What is being asked: Nothing but an exact copy is asked for: the lines in the material below from the one with "Hali Khaki Green" through the one with "Image of Artvibes", pictures excluded.

Given information:
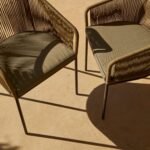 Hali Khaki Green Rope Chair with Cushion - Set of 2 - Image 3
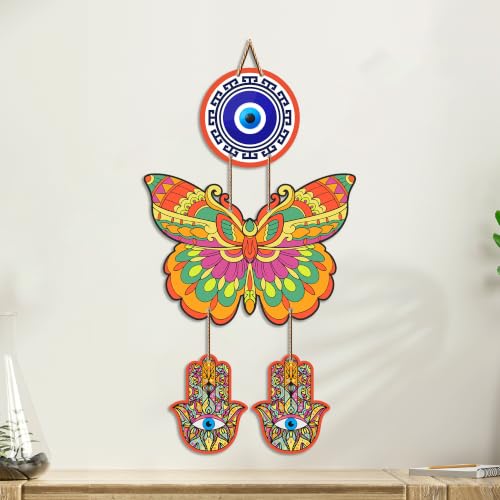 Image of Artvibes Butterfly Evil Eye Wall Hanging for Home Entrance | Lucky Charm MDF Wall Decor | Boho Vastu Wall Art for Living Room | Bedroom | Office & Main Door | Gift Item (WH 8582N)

==

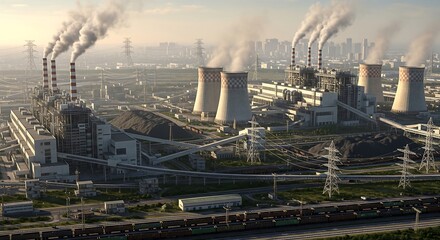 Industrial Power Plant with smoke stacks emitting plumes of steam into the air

Solution:
 Hali Khaki Green Rope Chair with Cushion - Set of 2 - Image 3
 Image of Artvibes Butterfly Evil Eye Wall Hanging for Home Entrance | Lucky Charm MDF Wall Decor | Boho Vastu Wall Art for Living Room | Bedroom | Office & Main Door | Gift Item (WH 8582N)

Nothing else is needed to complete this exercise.